── GIVEN DATA

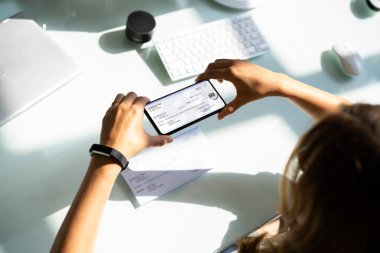 Uzaktan Denetim Mevduat Fotoğrafı Cep Telefonu ile Çekiyor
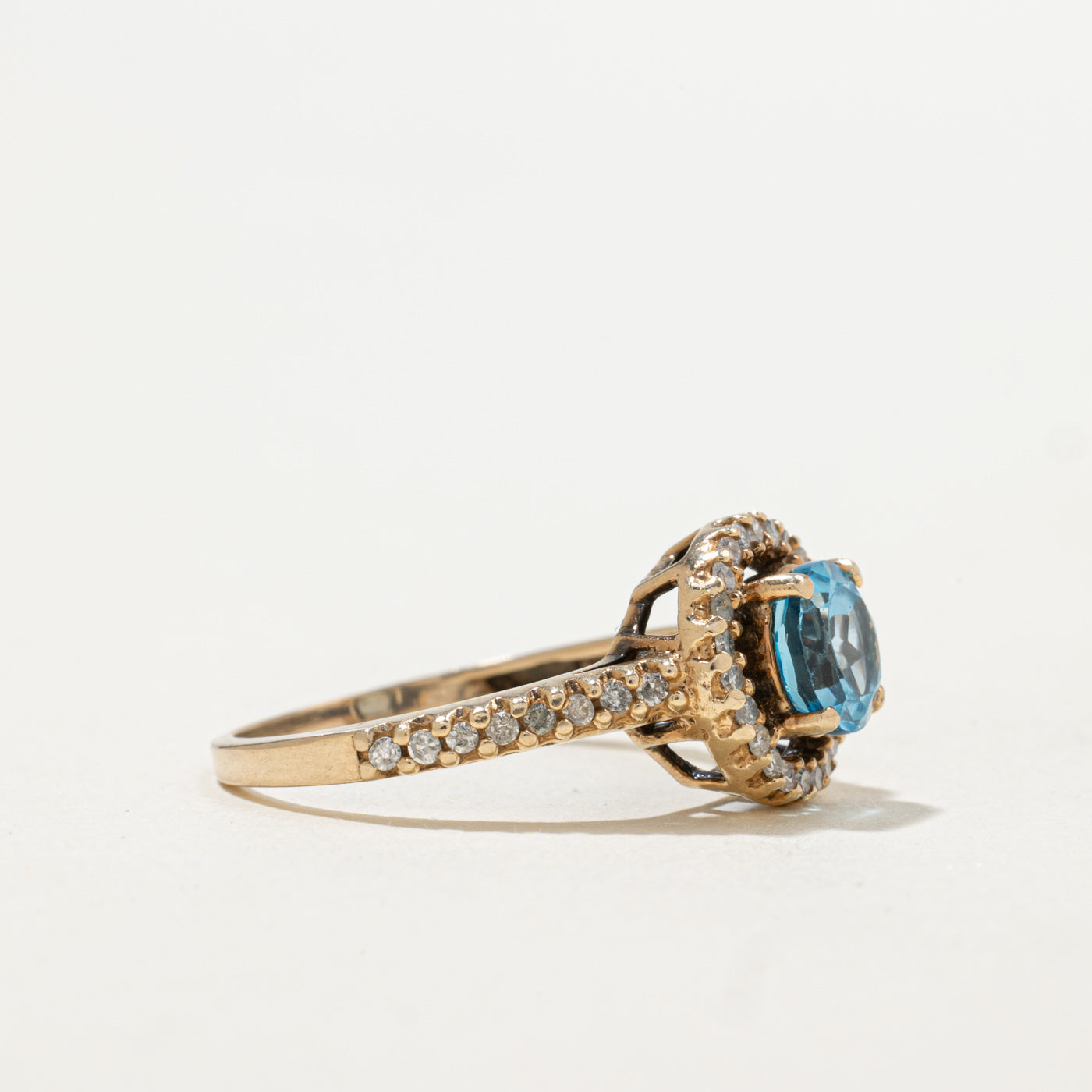 Bague halo flottant en topaze bleue et diamants | 0,92 ct, 0,19 ct au total | Taille 6,5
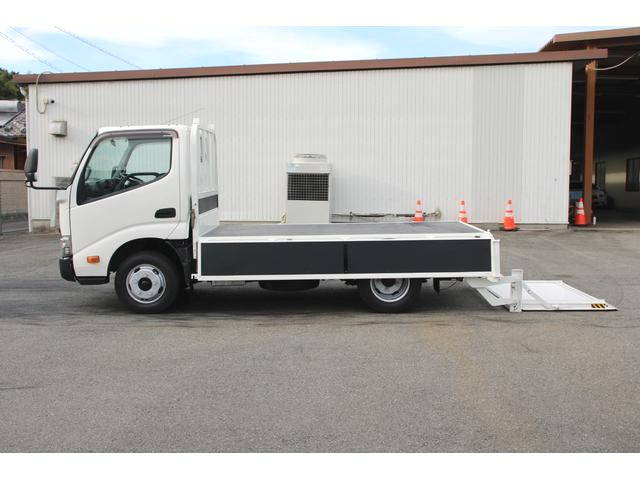 日野デュトロ平ボディ小型（2t・3t）[写真12]
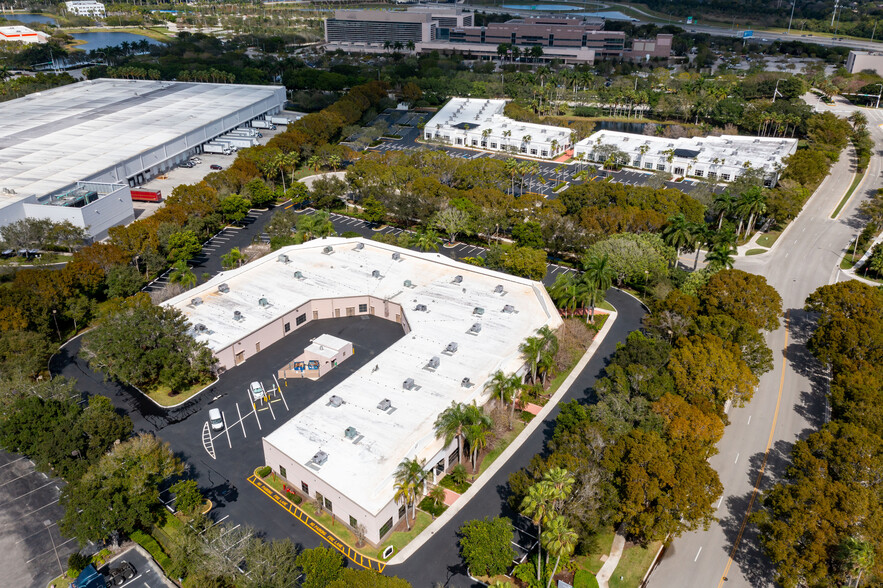 3265 Meridian Pkwy, Weston, FL en alquiler - Foto del edificio - Imagen 2 de 16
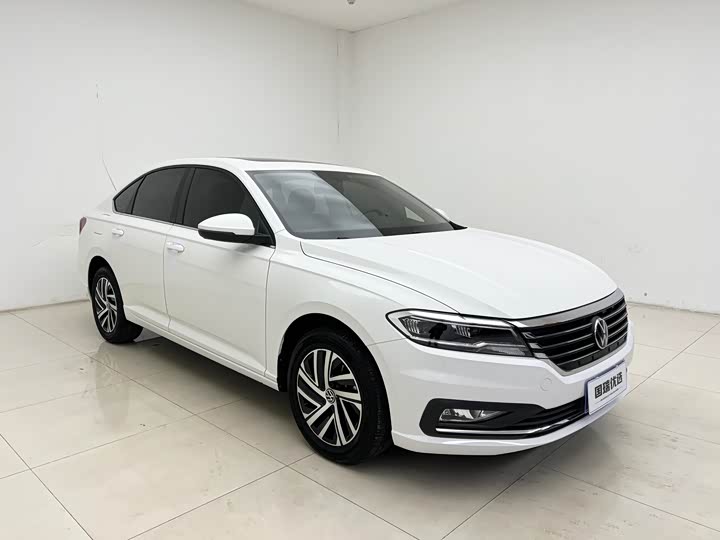 Фото 3 - Volkswagen Lavida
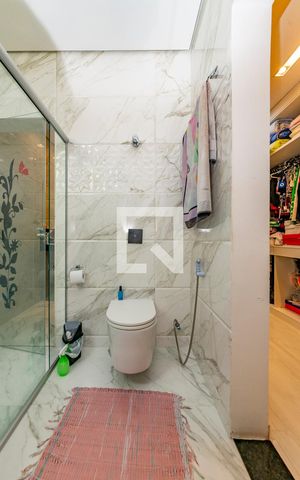 Casa para alugar com 470m², 3 quartos e 5 vagas Casa para alugar com 470m², 3 quartos e 5 vagasBanheiro da Suíte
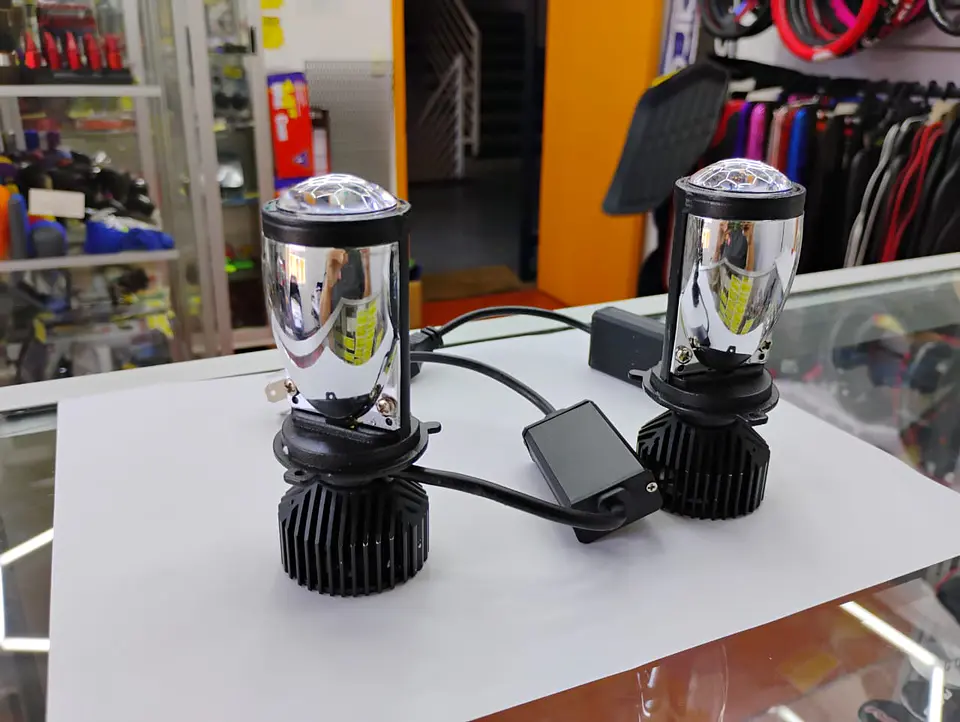 SUPER LIQUIDACION X2 Ampolletas de faros delanteros de Auto H4 1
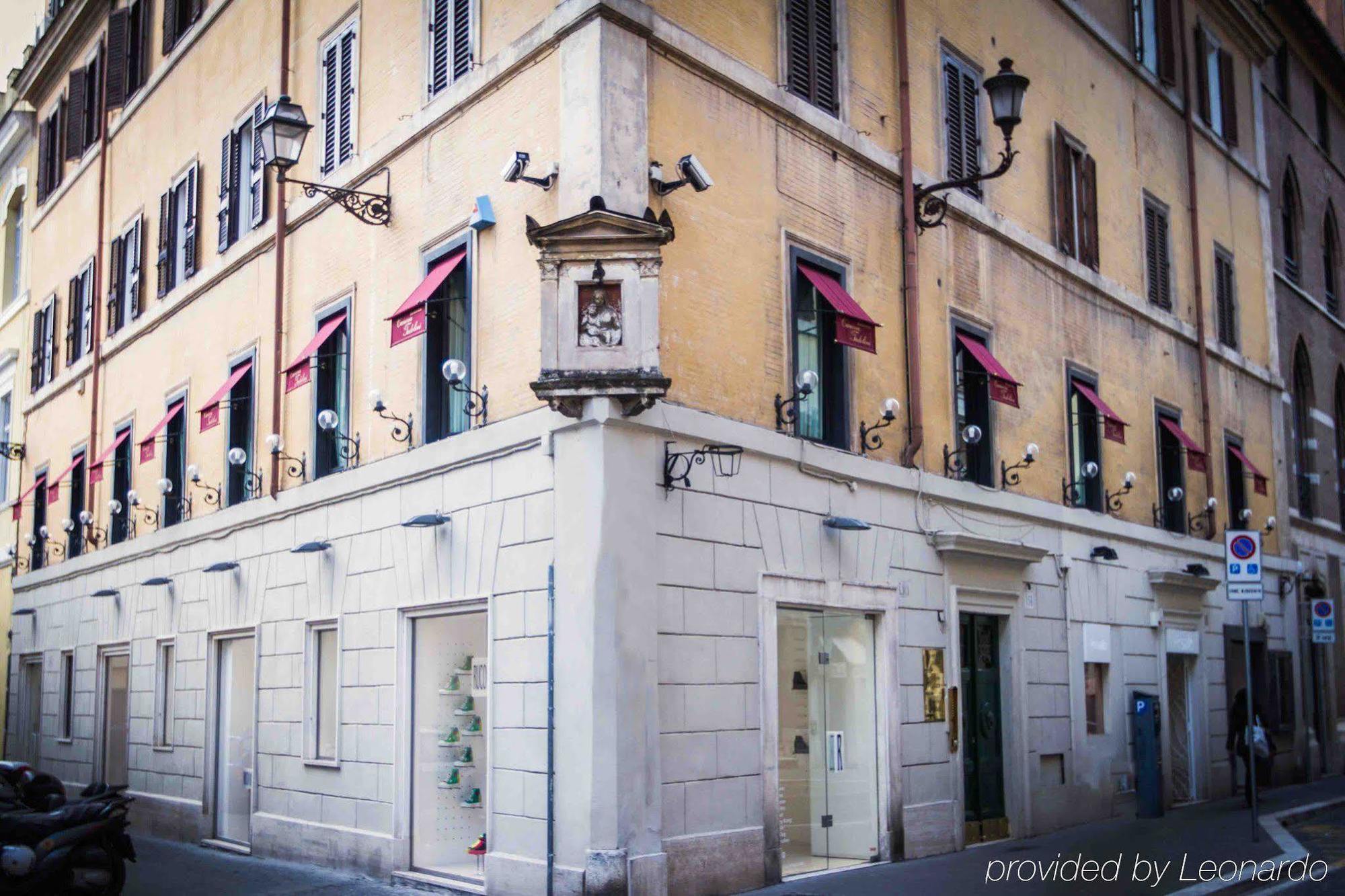 Affittacamere Residenza Canova Tadolini 4*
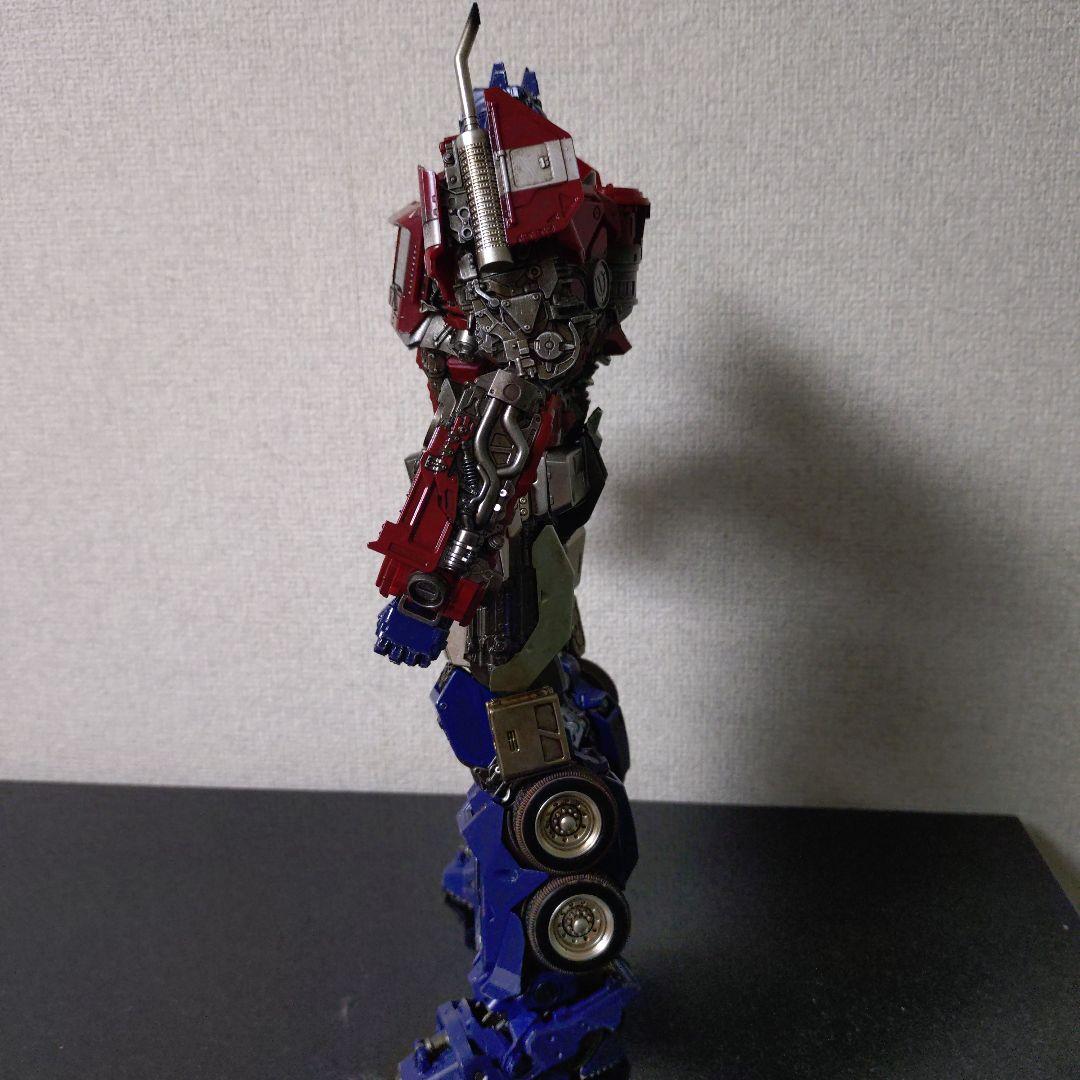 threezero　DLXスケール　オプティマスプライム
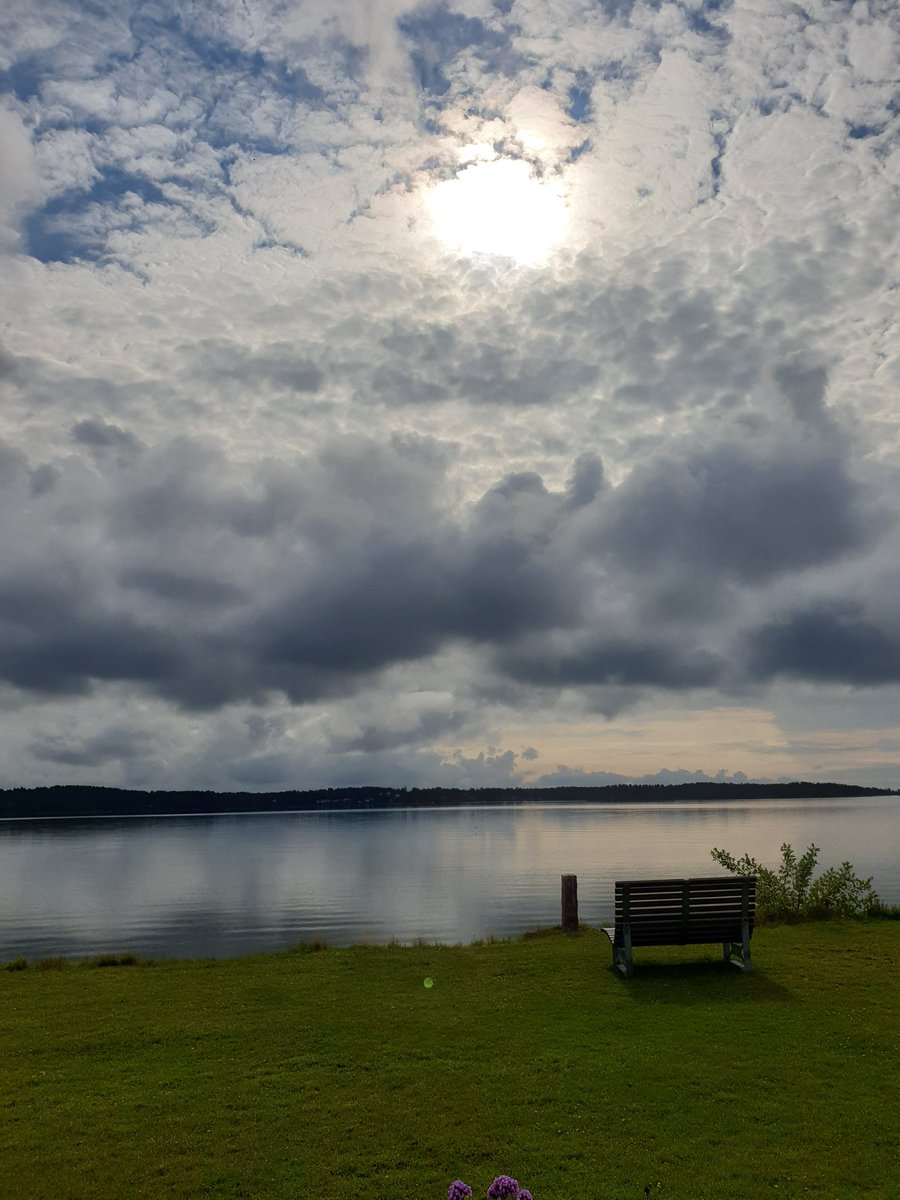 1980Jojjo's tweet photo. Morgonjogg i Åmål! #smilingrunner #godvana https://t.co/Lk5ESBpF5d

────

#### [YOUR TASK]
Return every entry above exactly as written, minus the pictures.

#### [ANSWER SECTION]
 Uzaktan Denetim Mevduat Fotoğrafı Cep Telefonu ile Çekiyor
 Bague halo flottant en topaze bleue et diamants | 0,92 ct, 0,19 ct au total | Taille 6,5
 日野デュトロ平ボディ小型（2t・3t）[写真12]
 3265 Meridian Pkwy, Weston, FL en alquiler - Foto del edificio - Imagen 2 de 16
 Фото 3 - Volkswagen Lavida
 Casa para alugar com 470m², 3 quartos e 5 vagas Casa para alugar com 470m², 3 quartos e 5 vagasBanheiro da Suíte
 SUPER LIQUIDACION X2 Ampolletas de faros delanteros de Auto H4 1
 Affittacamere Residenza Canova Tadolini 4*
 threezero　DLXスケール　オプティマスプライム
 1980Jojjo's tweet photo. Morgonjogg i Åmål! #smilingrunner #godvana https://t.co/Lk5ESBpF5d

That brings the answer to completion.